Jakarta (Lampost.co) — Linimasa media sosial dihebohkan dengan kemunculan gambar burung Garuda berwarna biru tua dengan tulisan “Peringatan Darurat”. Simbol negara yang biasanya identik dengan warna merah dan emas ini, kini disulap menjadi representasi kekhawatiran publik terhadap kondisi demokrasi Indonesia.
Hashtag #PeringatanDarurat bahkan menduduki puncak trending topik di Twitter pada Rabu (21/8) sore. Lebih dari 40 ribu pengguna telah membahas isu ini, menunjukkan betapa besar perhatian masyarakat terhadap fenomena ini.
Apa Makna di Balik Garuda Biru?
Bagi banyak warganet, gambar Garuda biru dengan tulisan “Peringatan Darurat” bukanlah sekadar gambar biasa. Simbol ini mengacu pada peringatan darurat yang biasa digunakan oleh pemerintah pada era orde baru, yang menandakan adanya ancaman serius terhadap keamanan dan ketertiban negara.
Baca juga: MK Ubah Syarat Pencalonan Pilkada, 7 Parpol Bisa Usung Calon Sendiri untuk Pilgub Lampung
Dengan menggunakan simbol ini, warganet ingin menyampaikan pesan kuat bahwa demokrasi Indonesia sedang dalam keadaan darurat. Revisi Undang-Undang Pilkada yang di nilai mengabaikan putusan Mahkamah Konstitusi di anggap sebagai ancaman serius terhadap prinsip-prinsip demokrasi dan keadilan.
Protes Atas Revisi UU Pilkada
Fenomena ini bermula dari keputusan Badan Legislasi Dewan Perwakilan Rakyat (DPR) yang menyepakati revisi Undang-Undang Pilkada.

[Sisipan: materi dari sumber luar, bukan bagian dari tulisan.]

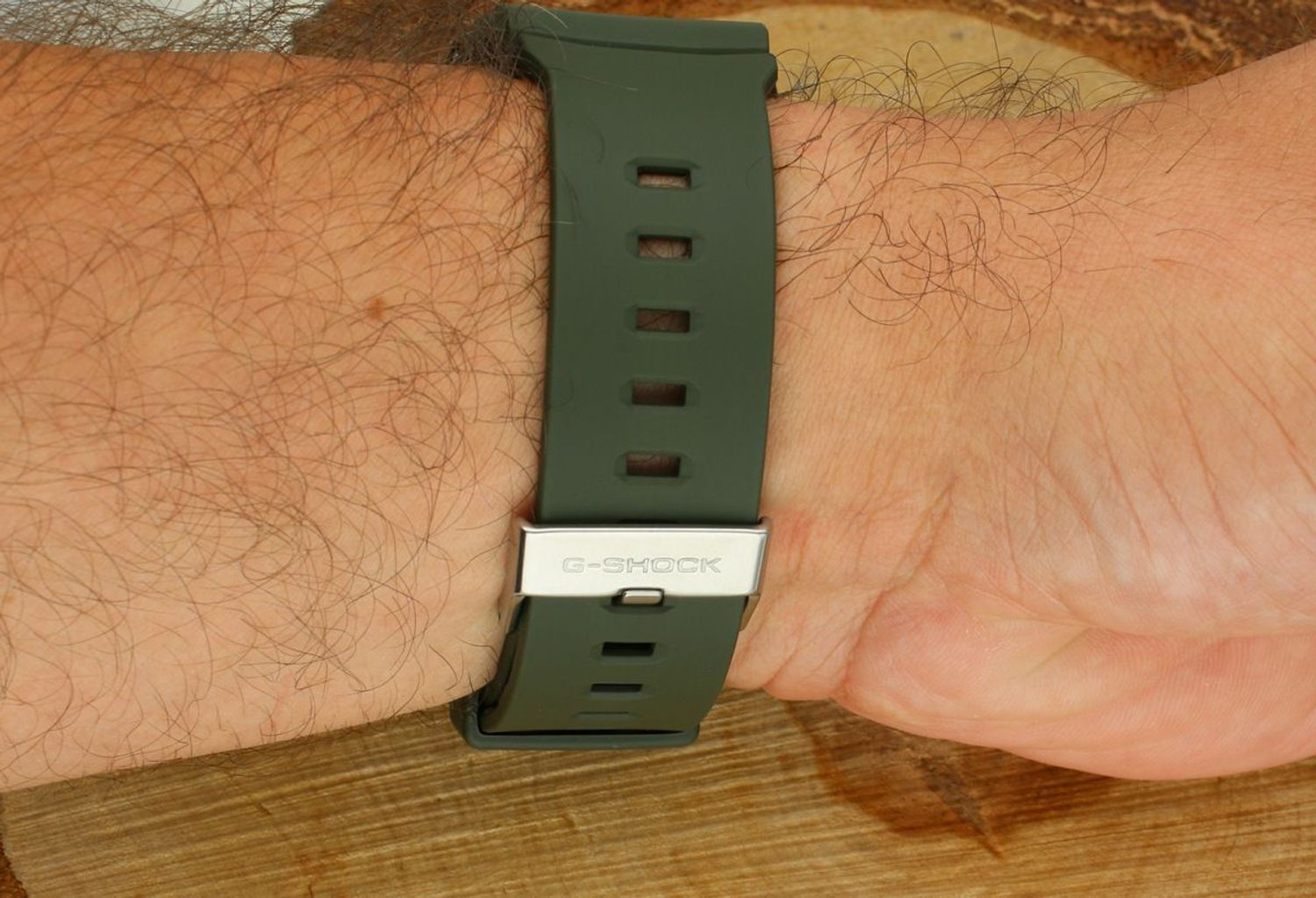 Zegarek Casio GD-010-3ER – cyfrowy, odporny model z podświetleniem Super Illuminator, 200M wodoszczelności, długą baterią i funkcją światowego czasu. Sprawdź, co potrafi ten G-Shock!1.webp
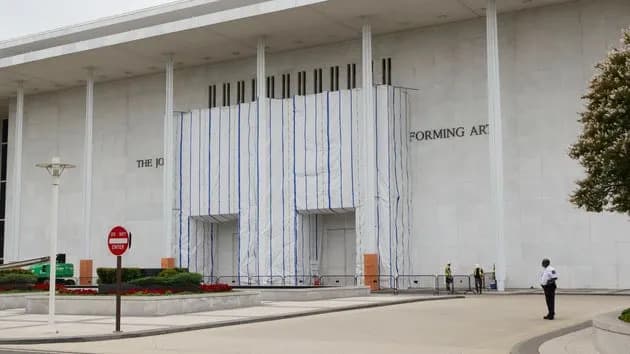 Kennedy Center Pauses Decades-Long Free Public Tours Amid Political Dispute, NYT Reports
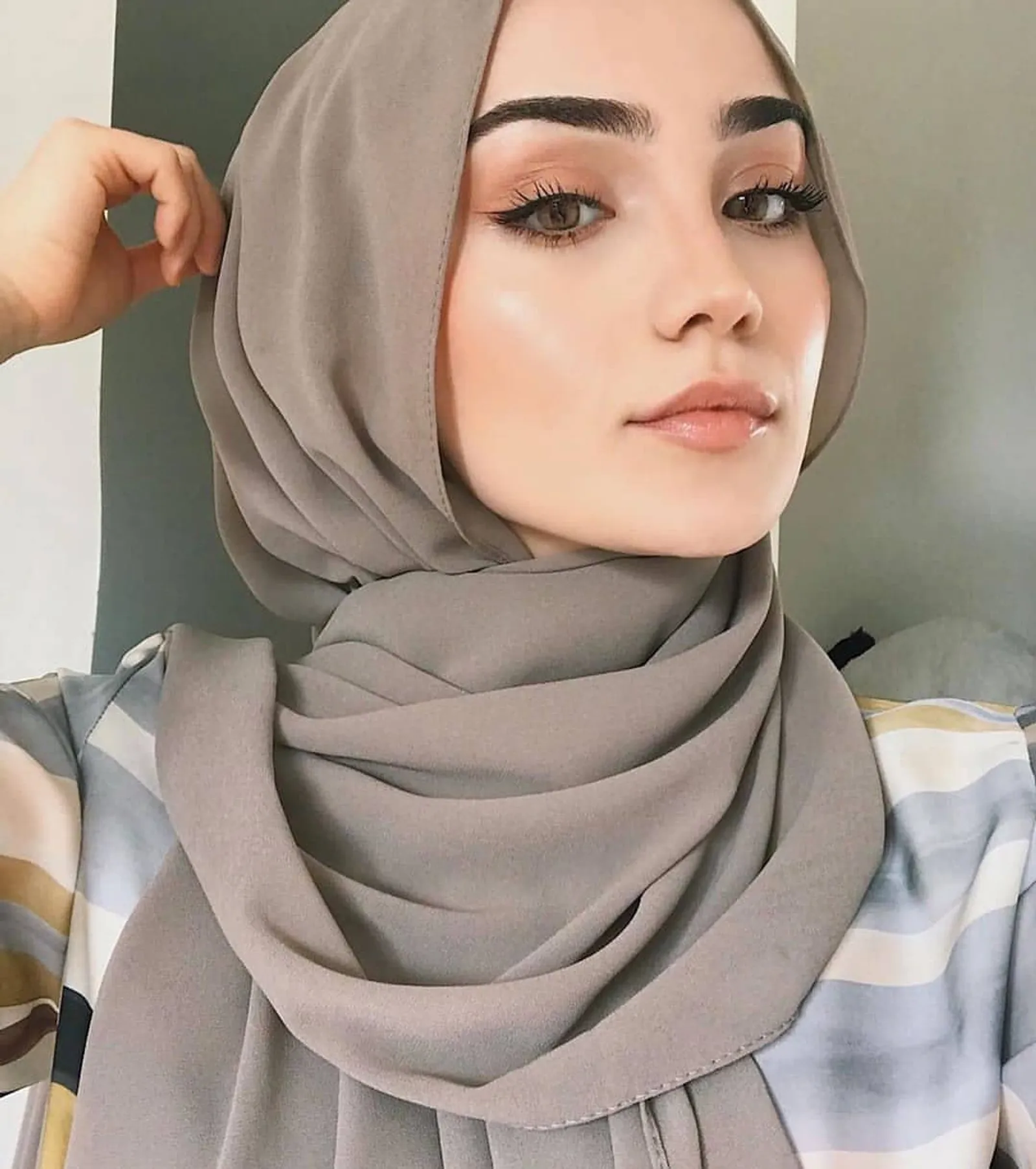 Tips & Trik Memakai Hijab Pashmina Sesuai Bentuk Wajah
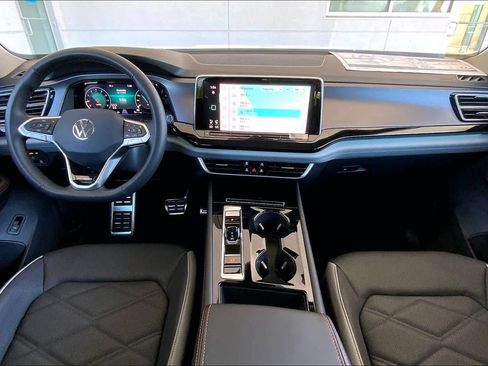 New 2026 Volkswagen Atlas Peak Edition AWD/4WD image 5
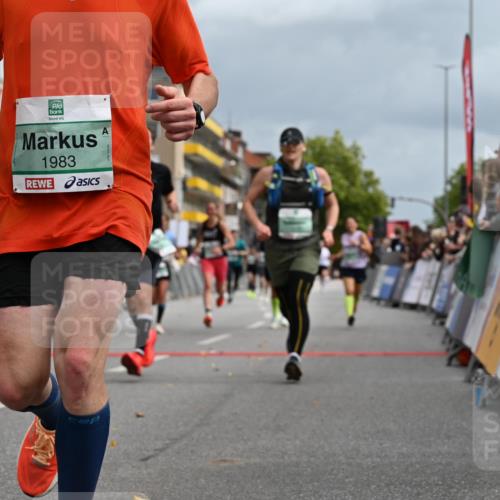 20.09.2026 - PSD Bank Halbmarathon J. Mangold http://msf.ph/oto/10519899 20.09.2026 11:50:05 Ziel 1236, 1309, 1537, 1602, 1604, 1774, 1814, 1983, 2371, 3083, 3576, 4104 meine-sportfotos.de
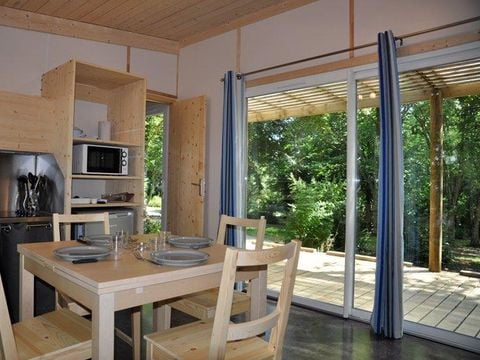 CHALET 6 personnes - Chalet Lac Confort 40 m² - adapté aux personnes à mobilité réduite - 2 chambres 4/6 pers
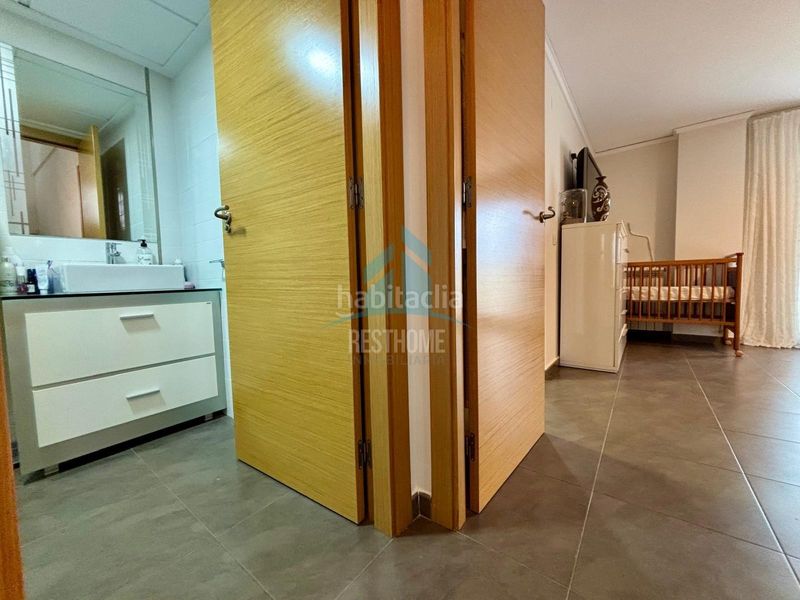 Foto c167bc39-1947-449e-b558-489080e177d7. Casa aparellada amb aparcament piscina a Daimús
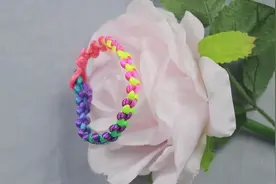 月姐编的渐变七彩手链，是不是很漂亮？编绳手法简单，来学学吧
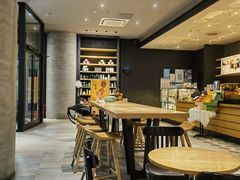 -星巴克臻选(郑州国贸360广场店)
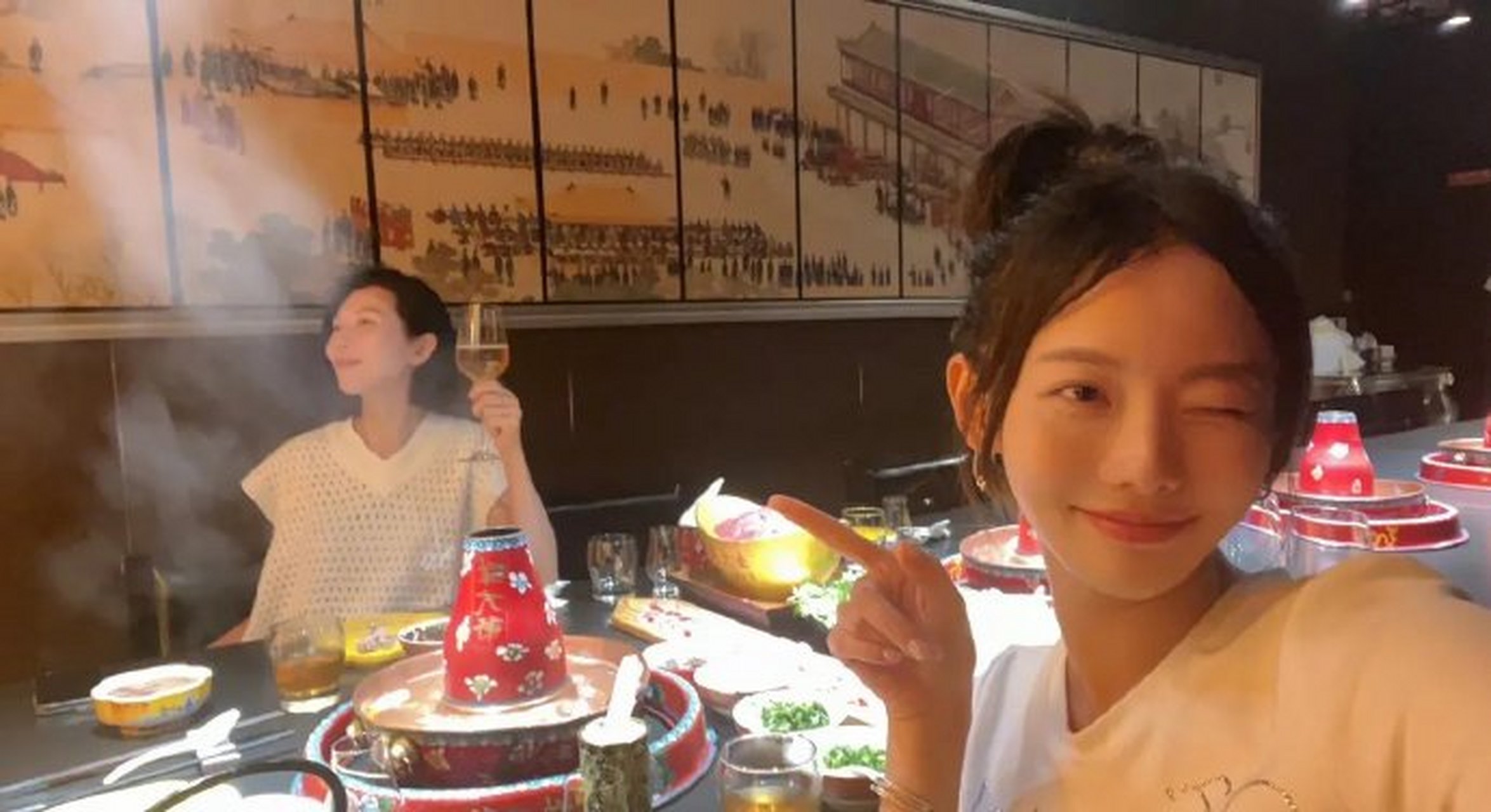 张嘉倪蔡少芬一起吃火锅,两个人都属于五官立体的骨相美女,素颜皮肤都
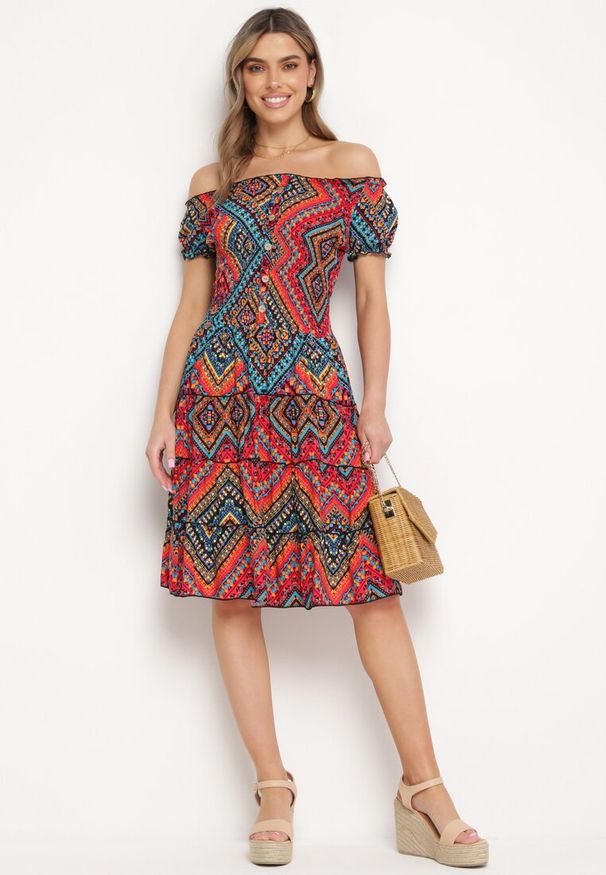 Born2be - Czerwona Sukienka Bawełniana Hiszpanka w Stylu Boho Raelinora. Typ kołnierza: dekolt hiszpanka. Kolor: czerwony. Materiał: bawełna. Styl: boho
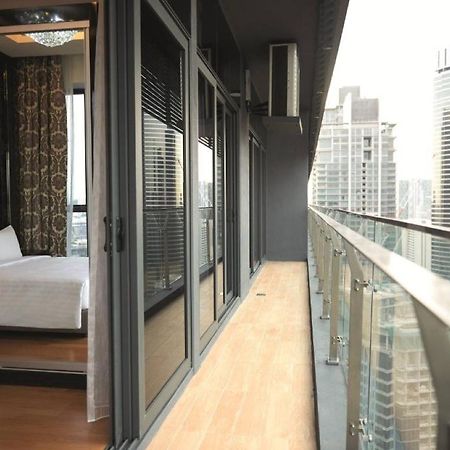 Hotel Dorsett Kuala Lumpur Exteriér fotografie A balcony in a hotel room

Revisi tersebut secara efektif menganulir putusan Mahkamah Konstitusi (MK) Nomor 60/PPU-XXII/2024 yang membuka peluang bagi partai politik tanpa kursi di DPRD untuk mengajukan calon kepala daerah.
Banyak pihak menilai bahwa keputusan DPR ini akan memperkuat praktik politik dinasti dan menghambat partisipasi politik masyarakat. Akibatnya, muncullah gerakan #GarudaBiru sebagai bentuk protes terhadap langkah DPR tersebut.
Akun-Akun Publik Bergabung
Gerakan ini semakin menguat dengan dukungan dari berbagai kalangan, termasuk tokoh publik. Akun kolaborasi @najwashihab, @matanajwa, dan @narasitv menjadi pelopor penyebaran gambar Garuda biru. Najwa Shihab dalam komentarnya menulis, “Hanya ada satu kata….”
Ungkapan singkat ini seolah menjadi representasi dari kekhawatiran banyak orang terhadap arah demokrasi Indonesia.
Pandji Pragiwaksono turut menyuarakan dukungannya melalui akun Twitter. Ia menulis, “Yang bilang ‘Eh kenapa lo ikut2an? Itu kan pilihan elo’ mending tutup mulut. Kita butuh sebanyak-banyaknya pasukan. Orang mau merapatkan barisan kok malah di dorong menjauh? Mau menangin Bangsa atau mau menangin ego?”
Dengan pernyataan tegas ini, Pandji mengajak masyarakat untuk bersatu dalam memperjuangkan nilai-nilai demokrasi.”
Tidak hanya di media sosial, protes ini juga memicu diskusi lebih luas di berbagai platform. Sejumlah pengamat politik dan aktivis turut menyuarakan keprihatinan mereka, menekankan bahwa keputusan DPR berpotensi memperburuk kualitas demokrasi di Indonesia. Beberapa bahkan menyarankan agar masyarakat bersiap untuk menghadapi masa-masa sulit jika revisi UU Pilkada ini benar-benar di terapkan.
Gerakan #GarudaBiru yang viral ini mencerminkan ketidakpuasan publik yang mendalam terhadap langkah DPR dalam merevisi Undang-Undang Pilkada.